Q. Do corporations have an ethical obligation to contribute to the community?
A. Recent years have seen an impressive increase in the demand for corporate involvement in the community. The main idea is that the corporation benefits from the community and should be "giving something back," besides wages and taxes.
Community involvement takes two main forms: distributing or investing money or company products/services based partially on charitable rather than business considerations, and community volunteer work by employees. In this column we will discuss the general criteria for corporate involvement; subsequent columns will deal with the specific topics of philanthropic giving and corporate voluntarism.
The most prominent discussion of the ethics of corporate social responsibility is economist Milton Friedman's 1970 article, "The Social Responsibility of Business is to Increase Its Profits". Friedman, who later won a Nobel Memorial prize, was very critical of the demand for business to pay attention to social criteria.

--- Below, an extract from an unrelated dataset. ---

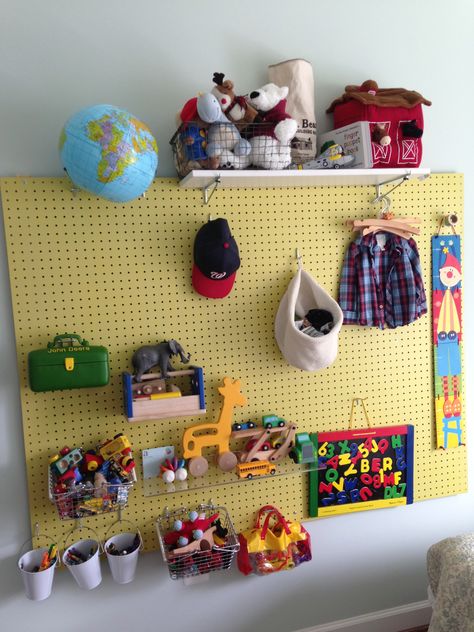 JB's pegboard toy storage Baskets On Wall For Storage, Organize Toddler Toys, Diy Toy Storage, Toy Storage Solutions, Clever Kids, Wall Hanging Storage, Toys Storage, Toy Storage Organization, Creative Organization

Friedman makes a number of claims:
- His main claim is that business executives have an ethical responsibility to carry out the desires of the owners, that is, the shareholders; he asserts that shareholders would like the firm to make as much money as possible; if they want to promote social responsibility, they can do that privately with their earnings.
- A related claim is that business executives are simply neither qualified nor authorized to make judgments regarding competing social claims; these judgments belong in the realm of politics, where freely elected representatives weigh the interests of the community as a whole. Privately hired managers have neither expertise nor legitimacy to make these decisions; they are experts in production and sales, not community development.
- Furthermore, business already fulfills a wonderful social responsibility by producing goods and services and creating jobs.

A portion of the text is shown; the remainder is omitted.